Действие большинства книг Мориса Бланшо проходит (когда у него есть сколько-нибудь конкретное место) в комнатах, коридорах и больницах. На простор «безумного дня» его литература практически не показывается — как не показывался в последние полвека жизни и ее автор. Она ищет — вернее, ждет — другого простора: условия и, в некотором роде, правды человеческого (не)существования, апофатически открываемых за его пределами, причем не за начальным пределом, не в преддверии, а за пределом конечным — в отсутствии, которое следует за исчезновением. Собственно, на этом пороге, хотя иногда и за ним, и разворачиваются «рассказы» Бланшо, например «Последний человек», которого я перечитываю сейчас.
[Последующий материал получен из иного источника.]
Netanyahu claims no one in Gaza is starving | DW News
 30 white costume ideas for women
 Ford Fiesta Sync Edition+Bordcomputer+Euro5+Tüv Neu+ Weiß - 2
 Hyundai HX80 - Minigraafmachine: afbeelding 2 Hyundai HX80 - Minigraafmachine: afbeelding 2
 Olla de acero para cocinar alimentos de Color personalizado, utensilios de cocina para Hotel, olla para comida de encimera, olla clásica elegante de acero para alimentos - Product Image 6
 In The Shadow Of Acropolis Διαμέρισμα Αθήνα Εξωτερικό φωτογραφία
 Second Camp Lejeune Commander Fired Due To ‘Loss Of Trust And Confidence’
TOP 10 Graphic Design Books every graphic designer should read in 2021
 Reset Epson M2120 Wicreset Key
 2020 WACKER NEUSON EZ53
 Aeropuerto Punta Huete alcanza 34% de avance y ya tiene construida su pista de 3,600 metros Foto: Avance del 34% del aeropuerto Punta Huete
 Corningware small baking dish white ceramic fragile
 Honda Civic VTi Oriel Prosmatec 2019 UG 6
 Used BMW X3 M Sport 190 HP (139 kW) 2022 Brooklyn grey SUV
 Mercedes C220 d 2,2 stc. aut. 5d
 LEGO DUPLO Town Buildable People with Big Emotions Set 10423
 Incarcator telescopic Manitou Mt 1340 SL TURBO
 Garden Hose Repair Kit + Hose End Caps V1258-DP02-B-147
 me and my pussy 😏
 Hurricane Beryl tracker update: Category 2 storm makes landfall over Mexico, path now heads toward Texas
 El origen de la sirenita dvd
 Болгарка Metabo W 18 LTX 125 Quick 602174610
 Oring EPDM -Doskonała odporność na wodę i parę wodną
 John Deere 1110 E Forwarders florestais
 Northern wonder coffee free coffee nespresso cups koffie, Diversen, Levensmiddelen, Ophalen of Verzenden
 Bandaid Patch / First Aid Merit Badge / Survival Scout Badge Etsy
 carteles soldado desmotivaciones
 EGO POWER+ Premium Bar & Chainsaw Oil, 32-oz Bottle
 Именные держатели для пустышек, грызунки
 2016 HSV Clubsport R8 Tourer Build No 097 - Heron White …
Еще хотелось бы, когда выдастся момент, вчитаться заново в работы Фуко второй половины 1970-х годов, в частности в лекционные курсы, отталкивающиеся от тем «Надзирать и наказывать»: «Безопасность, территория, население», «Рождение биополитики» — те, в которых детально анализируются отношения между властью и телом. Разговоры об «электронном концлагере» и тому подобных вещах, естественно, сразу приводят на память Фуко. Но мне особенно любопытно вот что: одной из сквозных тем Фуко было проникновение власти внутрь человека — от практики христианского пастырства и далее. Глядя на то, с каким поразительным послушанием люди, без особых принудительных мер — что в Европе, что в России, — разошлись по домам, я не могу отделаться от мысли (всячески, конечно, приветствуя готовность и способность к самоорганизации), что власть действительно глубоко окопалась внутри нас и в принципе не нуждается в каких-либо «указаниях свыше». Но все-таки интересно, все ли так уж позитивно в этом «властвовании собой» и, главное, как оно может проявиться в других ситуациях, не столь критичных для здоровья, жизни и т. п. Думается, мысль Фуко может пролить некоторый свет на все эти вещи.
Юлия Виноградова
«Лёд» Анна Каван
Решила перечитать роман Анны Каван «Лёд». Очень необычная книга на тему мировой катастрофы. Анализировать сложно, так как происходящие события лишены логики. Но книга цепляет своей атмосферностью. Реальность перепутана, не понимаешь, где сон, а где все происходит на самом деле. Мир катится в пропасть, но всегда есть надежда на спасение, которое может быть и в самой смерти. (Мне кажется, я тоже немного перепутала реальность с книгой.)
Константин Татьян
Перечитал книгу издательства ВШЭ, серия «Экономическая теория», автор Роберт Фрэнк «Успех и удача». Книга о поведенческой экономике. Роль случая в успехе и умение воспользоваться этим случаем и развить успех. И о чувстве благодарности за эту возможность. Умение быть благодарным — одно из основных проявлений интеллигентности.
Сейчас читаю книгу Ника Срничека «Капитализм платформ». Той же серии. Книга о новой бизнес-модели-платформа. Способность контролировать огромное количество данных и рассматривание их как средство повышения прибыли и роста капитала.
После нее хочу наконец-то прочитать Томаша Седлачека «Экономику добра и зла».